Published online by Cambridge University Press: 05 July 2011
Over the past decades, European countries spent more than 50 billion euros annually on subsidizing their farmers and protecting them against imports from other countries. This is not only the case in countries belonging to the European Union (EU), but also in countries such as Iceland, Norway, and Switzerland that have highly protected agricultural sectors. The most important form of government intervention in European agricultural markets is undoubtedly the Common Agricultural Policy (CAP) of the EU. While the EU has since reformed the CAP, the introduction of the CAP between 1962 and 1967 created a highly protectionist and distortive system of government intervention in agricultural markets across a large part of the continent.
How things changed in a century: 100 years earlier, Europe was characterized by free trade in agricultural and food products.

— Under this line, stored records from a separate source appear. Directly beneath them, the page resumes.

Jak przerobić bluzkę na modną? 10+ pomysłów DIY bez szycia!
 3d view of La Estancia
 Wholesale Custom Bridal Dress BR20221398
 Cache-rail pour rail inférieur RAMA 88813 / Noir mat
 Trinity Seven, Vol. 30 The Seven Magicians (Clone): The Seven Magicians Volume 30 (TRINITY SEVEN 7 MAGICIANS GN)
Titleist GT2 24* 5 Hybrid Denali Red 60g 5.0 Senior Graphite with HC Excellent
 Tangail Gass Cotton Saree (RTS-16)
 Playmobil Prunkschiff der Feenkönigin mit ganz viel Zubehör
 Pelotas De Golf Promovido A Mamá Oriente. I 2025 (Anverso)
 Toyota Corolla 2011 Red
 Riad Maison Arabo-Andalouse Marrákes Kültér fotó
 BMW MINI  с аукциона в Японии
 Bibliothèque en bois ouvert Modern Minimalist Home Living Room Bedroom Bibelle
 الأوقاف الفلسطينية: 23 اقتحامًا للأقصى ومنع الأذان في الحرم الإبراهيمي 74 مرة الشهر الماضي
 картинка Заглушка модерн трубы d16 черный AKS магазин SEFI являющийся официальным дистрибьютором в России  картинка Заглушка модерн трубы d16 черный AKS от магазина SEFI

The abolishment of the Corn Laws in 1846 signaled the end (or rather the beginning of the end – see Nye 2010) of farm import protection in England; and the English-French trade agreement of 1860 was the start of a series of trade agreements across Europe, effectively removing most trade constraints in agricultural markets.
These contrasting observations beg several questions: How and when did this change in policy occur? Why did it occur? Which events triggered these dramatic changes in policy preferences in Europe over the course of a century, and what were the fundamental causes that made them possible? These are the questions that this chapter tries to answer.